This analysis explores the U.S. National Oceanic and Atmospheric Administration’s (NOAA) storm database to answer two key questions: which weather events are most harmful to population health, and which have the greatest economic consequences. The data spans from 1950 to November 2011. We find that tornadoes are by far the most harmful event type with respect to population health, causing the most fatalities and injuries. Floods cause the greatest economic damage overall when combining property and crop damage. These findings can help government agencies prioritize resources for disaster preparedness.
storm <- read.csv("repdata_data_StormData.csv.bz2")
dim(storm)
## [1] 902297 37
names(storm)[c(8, 23, 24, 25, 26, 27, 28)]
## [1] "EVTYPE" "FATALITIES" "INJURIES" "PROPDMG" "PROPDMGEXP"
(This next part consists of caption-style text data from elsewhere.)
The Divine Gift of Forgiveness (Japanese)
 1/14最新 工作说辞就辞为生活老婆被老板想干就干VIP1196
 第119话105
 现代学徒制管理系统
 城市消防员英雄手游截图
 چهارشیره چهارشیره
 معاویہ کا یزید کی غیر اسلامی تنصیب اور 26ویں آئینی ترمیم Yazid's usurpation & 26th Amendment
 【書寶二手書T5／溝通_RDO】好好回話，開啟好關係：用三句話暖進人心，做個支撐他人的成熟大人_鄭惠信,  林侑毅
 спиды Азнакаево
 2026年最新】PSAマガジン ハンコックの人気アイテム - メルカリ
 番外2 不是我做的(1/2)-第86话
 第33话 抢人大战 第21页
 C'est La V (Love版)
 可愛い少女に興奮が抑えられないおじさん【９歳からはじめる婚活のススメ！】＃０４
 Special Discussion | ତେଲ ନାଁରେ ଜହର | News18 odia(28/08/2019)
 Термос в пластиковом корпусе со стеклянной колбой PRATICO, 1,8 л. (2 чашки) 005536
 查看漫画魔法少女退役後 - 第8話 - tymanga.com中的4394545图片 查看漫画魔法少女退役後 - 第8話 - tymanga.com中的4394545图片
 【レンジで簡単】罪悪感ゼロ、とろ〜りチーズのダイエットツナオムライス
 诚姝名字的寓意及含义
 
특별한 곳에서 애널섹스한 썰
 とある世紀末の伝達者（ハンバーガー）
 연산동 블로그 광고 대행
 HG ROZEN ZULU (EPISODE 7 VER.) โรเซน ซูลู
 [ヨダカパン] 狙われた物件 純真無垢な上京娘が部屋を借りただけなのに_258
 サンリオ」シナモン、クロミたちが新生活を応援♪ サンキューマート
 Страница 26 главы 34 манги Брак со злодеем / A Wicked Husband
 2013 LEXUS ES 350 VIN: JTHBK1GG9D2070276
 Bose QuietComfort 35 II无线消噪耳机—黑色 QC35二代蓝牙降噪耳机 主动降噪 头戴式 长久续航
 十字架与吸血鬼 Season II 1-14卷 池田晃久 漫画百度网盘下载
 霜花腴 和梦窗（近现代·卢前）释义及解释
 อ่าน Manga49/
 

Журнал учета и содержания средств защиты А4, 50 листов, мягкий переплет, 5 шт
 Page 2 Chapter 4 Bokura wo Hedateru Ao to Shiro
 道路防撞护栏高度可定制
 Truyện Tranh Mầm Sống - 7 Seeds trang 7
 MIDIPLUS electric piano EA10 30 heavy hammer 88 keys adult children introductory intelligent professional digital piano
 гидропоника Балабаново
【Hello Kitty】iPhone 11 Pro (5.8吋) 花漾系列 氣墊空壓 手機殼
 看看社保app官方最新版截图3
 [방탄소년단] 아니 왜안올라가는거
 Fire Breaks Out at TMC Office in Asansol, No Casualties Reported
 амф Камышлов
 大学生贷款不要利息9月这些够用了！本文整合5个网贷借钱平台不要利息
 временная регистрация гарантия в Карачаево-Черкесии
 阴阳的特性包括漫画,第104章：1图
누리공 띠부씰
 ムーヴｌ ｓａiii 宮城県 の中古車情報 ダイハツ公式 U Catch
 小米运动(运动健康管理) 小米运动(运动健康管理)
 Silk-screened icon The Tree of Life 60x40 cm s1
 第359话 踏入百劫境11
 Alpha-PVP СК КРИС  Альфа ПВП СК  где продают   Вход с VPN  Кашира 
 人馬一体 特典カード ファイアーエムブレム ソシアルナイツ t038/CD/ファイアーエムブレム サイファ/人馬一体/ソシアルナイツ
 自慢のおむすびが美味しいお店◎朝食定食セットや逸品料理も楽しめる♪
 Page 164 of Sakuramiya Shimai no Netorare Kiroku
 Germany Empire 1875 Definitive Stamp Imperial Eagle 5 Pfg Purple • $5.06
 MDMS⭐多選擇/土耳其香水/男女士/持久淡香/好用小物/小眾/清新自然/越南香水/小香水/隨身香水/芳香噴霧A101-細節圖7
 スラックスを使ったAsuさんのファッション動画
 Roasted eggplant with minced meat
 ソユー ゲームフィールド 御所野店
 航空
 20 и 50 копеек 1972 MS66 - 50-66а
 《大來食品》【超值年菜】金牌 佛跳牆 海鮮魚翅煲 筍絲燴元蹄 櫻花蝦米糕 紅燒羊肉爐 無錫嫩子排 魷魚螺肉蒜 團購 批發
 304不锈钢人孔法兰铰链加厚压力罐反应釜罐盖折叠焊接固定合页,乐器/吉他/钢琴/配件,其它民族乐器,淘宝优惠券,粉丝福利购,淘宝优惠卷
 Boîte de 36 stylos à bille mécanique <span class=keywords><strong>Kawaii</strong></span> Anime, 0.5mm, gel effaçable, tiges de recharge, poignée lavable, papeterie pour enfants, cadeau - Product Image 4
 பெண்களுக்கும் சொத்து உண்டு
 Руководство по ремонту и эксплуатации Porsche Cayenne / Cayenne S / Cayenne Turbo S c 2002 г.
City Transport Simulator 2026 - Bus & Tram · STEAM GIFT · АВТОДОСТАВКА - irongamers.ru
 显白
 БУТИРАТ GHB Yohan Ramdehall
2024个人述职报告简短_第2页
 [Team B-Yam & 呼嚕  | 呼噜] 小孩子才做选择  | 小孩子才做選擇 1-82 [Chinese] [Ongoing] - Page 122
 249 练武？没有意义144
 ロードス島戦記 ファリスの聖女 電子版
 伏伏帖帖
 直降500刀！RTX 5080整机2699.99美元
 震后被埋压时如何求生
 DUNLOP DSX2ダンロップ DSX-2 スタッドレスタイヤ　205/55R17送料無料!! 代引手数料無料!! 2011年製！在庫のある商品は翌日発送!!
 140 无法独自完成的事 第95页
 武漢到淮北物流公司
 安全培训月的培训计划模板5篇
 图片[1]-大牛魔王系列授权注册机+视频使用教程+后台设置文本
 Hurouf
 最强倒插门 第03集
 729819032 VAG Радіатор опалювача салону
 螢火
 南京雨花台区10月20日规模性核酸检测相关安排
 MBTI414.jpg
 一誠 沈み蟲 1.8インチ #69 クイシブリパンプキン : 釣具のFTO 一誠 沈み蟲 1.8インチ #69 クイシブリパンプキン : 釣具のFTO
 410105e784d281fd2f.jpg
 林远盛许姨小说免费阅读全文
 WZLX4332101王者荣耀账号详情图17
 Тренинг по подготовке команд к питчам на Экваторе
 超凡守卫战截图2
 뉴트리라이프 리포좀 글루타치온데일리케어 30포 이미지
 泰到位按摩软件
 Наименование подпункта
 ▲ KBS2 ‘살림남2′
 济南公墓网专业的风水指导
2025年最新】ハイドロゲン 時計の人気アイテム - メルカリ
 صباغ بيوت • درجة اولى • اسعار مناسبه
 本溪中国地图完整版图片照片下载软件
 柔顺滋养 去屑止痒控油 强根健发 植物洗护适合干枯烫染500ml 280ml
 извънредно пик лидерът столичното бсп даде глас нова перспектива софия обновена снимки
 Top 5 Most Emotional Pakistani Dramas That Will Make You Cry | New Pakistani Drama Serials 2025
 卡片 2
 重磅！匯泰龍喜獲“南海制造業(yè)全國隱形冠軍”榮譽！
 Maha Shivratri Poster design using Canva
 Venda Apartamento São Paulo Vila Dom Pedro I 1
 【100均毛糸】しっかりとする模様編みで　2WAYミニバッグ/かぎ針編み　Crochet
## [6] "CROPDMG" "CROPDMGEXP"
storm$EVTYPE <- toupper(storm$EVTYPE)
storm_health <- storm[, c("EVTYPE", "FATALITIES", "INJURIES")]
storm_econ <- storm[, c("EVTYPE", "PROPDMG", "PROPDMGEXP", "CROPDMG", "CROPDMGEXP")]
convert_exp <- function(exp) {
exp <- toupper(as.character(exp))
sapply(exp, function(e) {
if (e == "K") return(1e3)
if (e == "M") return(1e6)
if (e == "B") return(1e9)
if (e == "H") return(1e2)
if (grepl("^[0-9]$", e)) return(10^as.numeric(e))
return(1)
})
}
storm_econ$prop_damage <- storm_econ$PROPDMG * convert_exp(storm_econ$PROPDMGEXP)
storm_econ$crop_damage <- storm_econ$CROPDMG * convert_exp(storm_econ$CROPDMGEXP)
storm_econ$total_damage <- storm_econ$prop_damage + storm_econ$crop_damage
fatalities <- aggregate(FATALITIES ~ EVTYPE, storm_health, sum)
injuries <- aggregate(INJURIES ~ EVTYPE, storm_health, sum)
top_fatal <- head(fatalities[order(-fatalities$FATALITIES), ], 10)
top_injury <- head(injuries[order(-injuries$INJURIES), ], 10)
par(mfrow = c(1, 2), mar = c(10, 4, 3, 1))
barplot(top_fatal$FATALITIES,
names.arg = top_fatal$EVTYPE,
las = 2,
col = "tomato",
main = "Top 10 Events\nby Fatalities",
ylab = "Total Fatalities",
cex.names = 0.7)
barplot(top_injury$INJURIES,
names.arg = top_injury$EVTYPE,
las = 2,
col = "steelblue",
main = "Top 10 Events\nby Injuries",
ylab = "Total Injuries",
cex.names = 0.7)
Figure 1: Top 10 weather event types by total fatalities (left) and total injuries (right) across the United States from 1950-2011. Tornadoes dominate both categories.
cat("Top 5 events by fatalities:\n")
## Top 5 events by fatalities:
print(head(top_fatal, 5))
## EVTYPE FATALITIES
## 758 TORNADO 5633
## 116 EXCESSIVE HEAT 1903
## 138 FLASH FLOOD 978
## 243 HEAT 937
## 418 LIGHTNING 816
cat("\nTop 5 events by injuries:\n")
##
## Top 5 events by injuries:
print(head(top_injury, 5))
## EVTYPE INJURIES
## 758 TORNADO 91346
## 779 TSTM WIND 6957
## 154 FLOOD 6789
## 116 EXCESSIVE HEAT 6525
## 418 LIGHTNING 5230
Tornadoes are the most harmful weather event for population health, accounting for fatalities and injuries.
econ <- aggregate(total_damage ~ EVTYPE, storm_econ, sum)
top_econ <- head(econ[order(-econ$total_damage), ], 10)
par(mfrow = c(1, 1), mar = c(10, 5, 3, 1))
barplot(top_econ$total_damage / 1e9,
names.arg = top_econ$EVTYPE,
las = 2,
col = "darkgreen",
main = "Top 10 Weather Events by Total Economic Damage",
ylab = "Total Damage (billions USD)",
cex.names = 0.7)
Figure 2: Top 10 weather event types by total economic damage (property + crop) in billions of USD across the United States from 1950-2011.
cat("Top 5 events by economic damage:\n")
## Top 5 events by economic damage:
top_econ$total_damage_billions <- round(top_econ$total_damage / 1e9, 2)
print(head(top_econ[, c("EVTYPE", "total_damage_billions")], 5))
## EVTYPE total_damage_billions
## 154 FLOOD 150.32
## 372 HURRICANE/TYPHOON 71.91
## 758 TORNADO 57.36
## 599 STORM SURGE 43.32
## 212 HAIL 18.76
Floods cause the greatest economic damage in combined property and crop damage.